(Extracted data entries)
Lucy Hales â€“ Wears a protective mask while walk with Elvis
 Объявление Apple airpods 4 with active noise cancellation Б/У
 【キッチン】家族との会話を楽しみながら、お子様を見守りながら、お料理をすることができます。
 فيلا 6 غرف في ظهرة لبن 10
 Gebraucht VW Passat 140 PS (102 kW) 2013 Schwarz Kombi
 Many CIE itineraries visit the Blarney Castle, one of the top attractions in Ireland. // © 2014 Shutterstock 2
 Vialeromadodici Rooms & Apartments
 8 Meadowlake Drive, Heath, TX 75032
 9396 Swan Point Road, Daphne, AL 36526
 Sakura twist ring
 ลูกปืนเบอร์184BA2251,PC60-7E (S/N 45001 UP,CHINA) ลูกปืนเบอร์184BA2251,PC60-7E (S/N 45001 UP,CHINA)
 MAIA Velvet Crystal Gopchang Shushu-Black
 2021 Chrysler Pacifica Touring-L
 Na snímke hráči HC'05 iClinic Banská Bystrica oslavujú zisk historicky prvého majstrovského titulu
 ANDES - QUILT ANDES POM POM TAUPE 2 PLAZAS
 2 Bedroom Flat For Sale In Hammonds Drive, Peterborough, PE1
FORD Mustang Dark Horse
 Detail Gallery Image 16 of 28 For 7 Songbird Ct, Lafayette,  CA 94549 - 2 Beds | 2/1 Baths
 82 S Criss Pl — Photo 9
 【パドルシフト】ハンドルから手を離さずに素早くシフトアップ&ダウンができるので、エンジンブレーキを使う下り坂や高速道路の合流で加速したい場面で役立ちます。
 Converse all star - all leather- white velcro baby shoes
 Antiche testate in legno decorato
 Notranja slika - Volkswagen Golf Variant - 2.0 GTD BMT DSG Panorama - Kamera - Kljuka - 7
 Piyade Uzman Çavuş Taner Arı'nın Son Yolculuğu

### The task:
Reproduce only the lines above, starting at the line with "Detail Gallery Image" and ending at the line with "Notranja slika - Volkswagen", exactly as written.

### Answer area:
 Detail Gallery Image 16 of 28 For 7 Songbird Ct, Lafayette,  CA 94549 - 2 Beds | 2/1 Baths
 82 S Criss Pl — Photo 9
 【パドルシフト】ハンドルから手を離さずに素早くシフトアップ&ダウンができるので、エンジンブレーキを使う下り坂や高速道路の合流で加速したい場面で役立ちます。
 Converse all star - all leather- white velcro baby shoes
 Antiche testate in legno decorato
 Notranja slika - Volkswagen Golf Variant - 2.0 GTD BMT DSG Panorama - Kamera - Kljuka - 7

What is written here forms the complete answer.